In contrast, Ninja has almost no features; just those necessary to get
builds correct while punting most complexity to generation of the
ninja input files. Ninja by itself is unlikely to be useful for most
projects.
Here are some of the features Ninja adds to make. (These sorts of
features can often be implemented using more complicated Makefiles,
but they are not part of make itself.)
* A Ninja rule may point at a path for extra implicit dependency
information. This makes it easy to get header dependencies correct
for C/C++ code.
* A build edge may have multiple outputs.
* Outputs implicitly depend on the command line that was used to generate
them, which means that changing e.g. compilation flags will cause
the outputs to rebuild.
* Output directories are always implicitly created before running the
command that relies on them.
* Rules can provide shorter descriptions of the command being run, so
you can print e.g. `CC foo.o` instead of a long command line while
building.
* Builds are always run in parallel, based by default on the number of
CPUs your system has. Underspecified build dependencies will result
in incorrect builds.
* Command output is always buffered. This means commands running in
parallel don't interleave their output, and when a command fails we
can print its failure output next to the full command line that
produced the failure.
Using Ninja for your project
----------------------------
Ninja currently works on Unix-like systems. It's seen the most testing
on Linux (and has the best performance there) but it runs fine on Mac
OS X and FreeBSD. Ninja has some preliminary Windows support but the
full details of the implementation -- like how to get C header
interdependencies correct and fast when using MSVC's compiler -- is
not yet complete.
If your project is small, Ninja's speed impact is likely unnoticeable.
Some build timing numbers are included below. (However, even for
small projects it sometimes turns out that Ninja's limited syntax
forces simpler build rules that result in faster builds.) Another way
to say this is that if you're happy with the edit-compile cycle time
of your project already then Ninja won't help.
There are many other build systems that are more user-friendly or
featureful than Ninja itself. For some recommendations: the Ninja
author found http://gittup.org/tup/[the tup build system] influential
in Ninja's design, and thinks https://github.com/apenwarr/redo[redo]'s
design is quite clever.
Ninja's benefit comes from using it in conjunction with a smarter
meta-build system.
http://code.google.com/p/gyp/[gyp]:: The meta-build system used to
generate build files for Google Chrome. gyp can generate Ninja files
for Linux and Mac and is used by many Chrome developers; support for
Windows is in progress. See the
http://code.google.com/p/chromium/wiki/NinjaBuild[Chromium Ninja
documentation for more details]. gyp is relatively unpopular outside
of the Chrome and v8 world.
* For Chrome (~30k source files), Ninja reduced no-op builds from
around 15 seconds to under one second.
* https://plus.google.com/108996039294665965197/posts/SfhrFAhRyyd[A
Mozilla developer compares build systems]: "While chromium's full
build is 2.15x slower than firefox's, a nop build is 78.2x faster!

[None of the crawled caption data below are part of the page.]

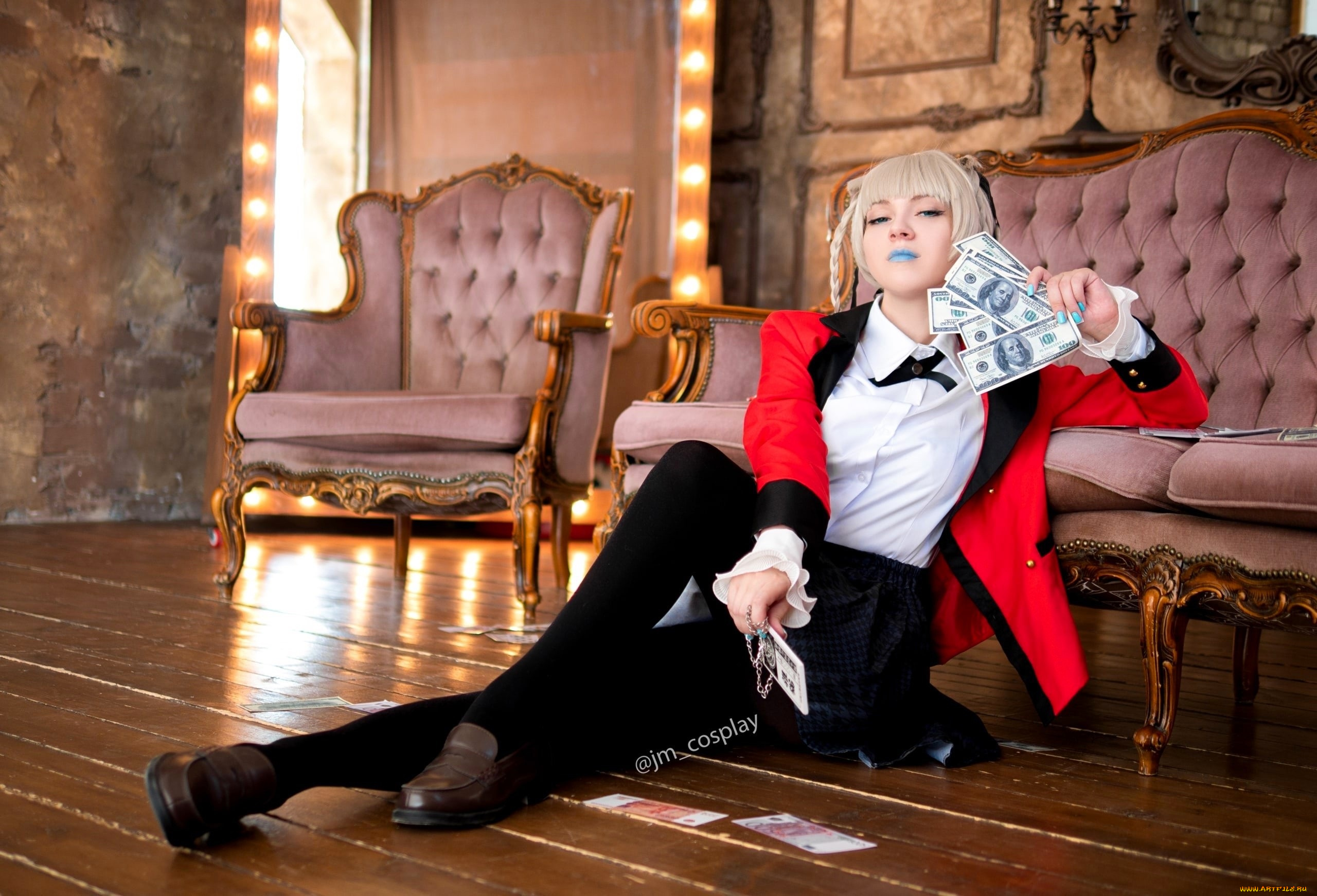 девушки, -, креатив, , косплей, образ, косплей, наряд, жакет, деньги, диваны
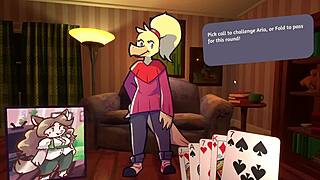 WATCH THESE 2 CHICKS STRIP IN FURRY POKER GAME!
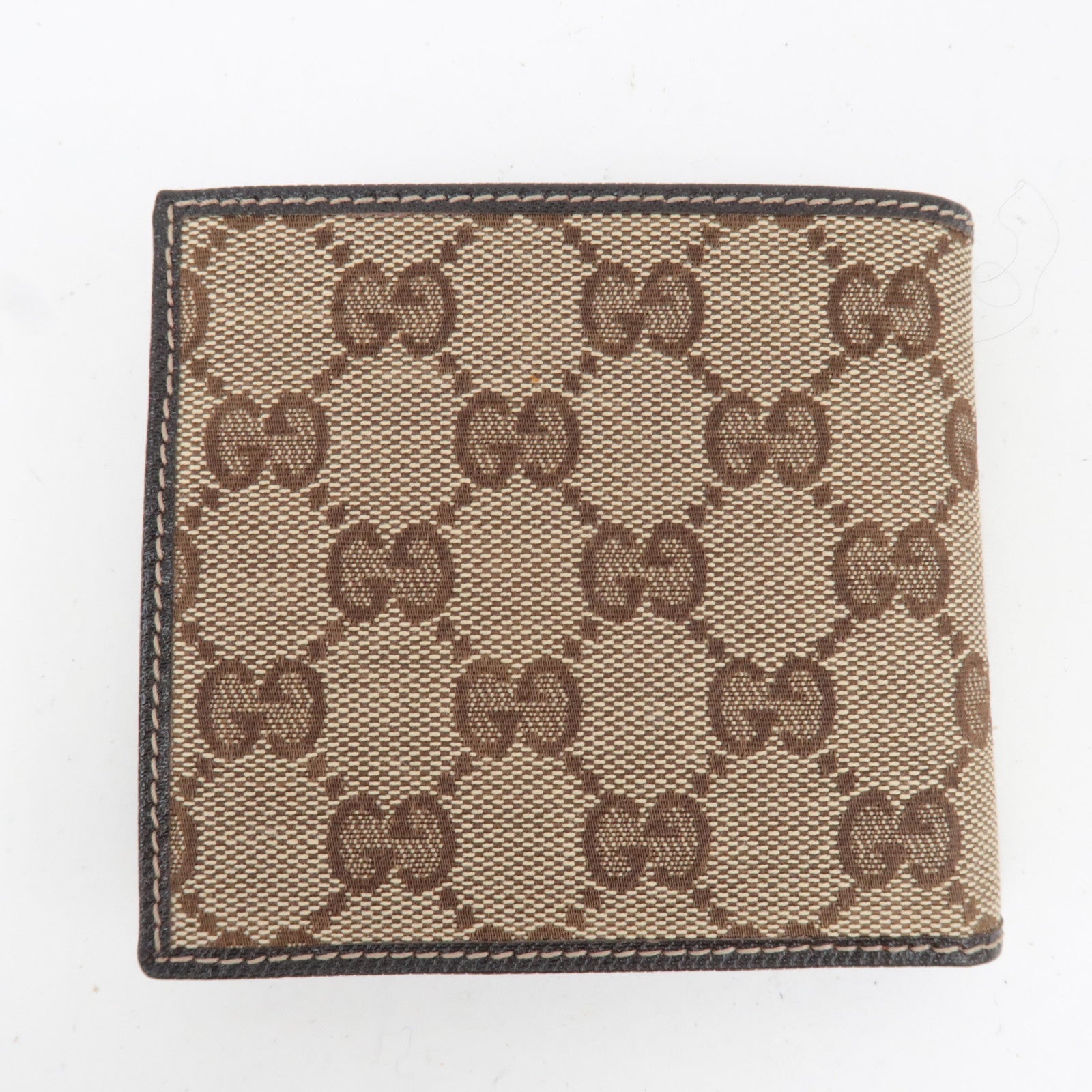GUCCI Bifold Wallet GG Canvas Leather Beige Brown 04862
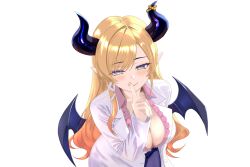1girl 666girimekara absurdres black_skirt blonde_hair blue_eyes breasts center_frills cleavage closed_mouth coat demon_girl demon_horns demon_wings finger_to_mouth frills highres hololive horns lab_coat large_breasts long_hair looking_at_viewer pink_shirt pointy_ears shirt skirt solo virtual_youtuber white_background white_coat wings yuzuki_choco yuzuki_choco_(1st_costume)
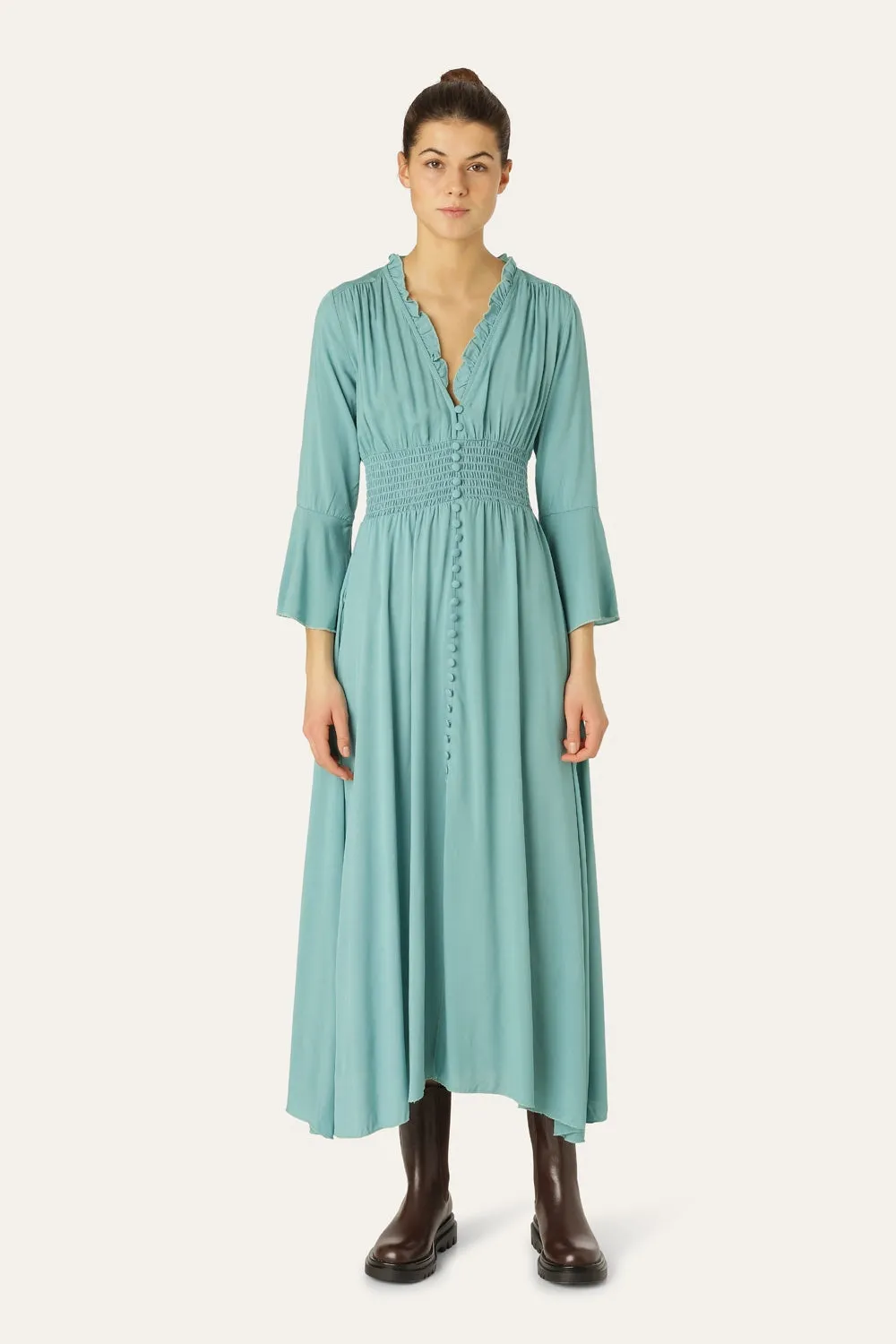 Sally Long Dress Turquoise Solid sold by Americandreams product image thumbnail 2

That is really noticeable during development. No incremental build
of firefox can be faster than 57.9s, which means that in practice
almost all of them will be over a minute."
http://www.cmake.org/[CMake]:: A widely used meta-build system that
can generate Ninja files on Linux as of CMake version 2.8.8. (There
is some Mac and Windows support -- http://www.reactos.org[ReactOS]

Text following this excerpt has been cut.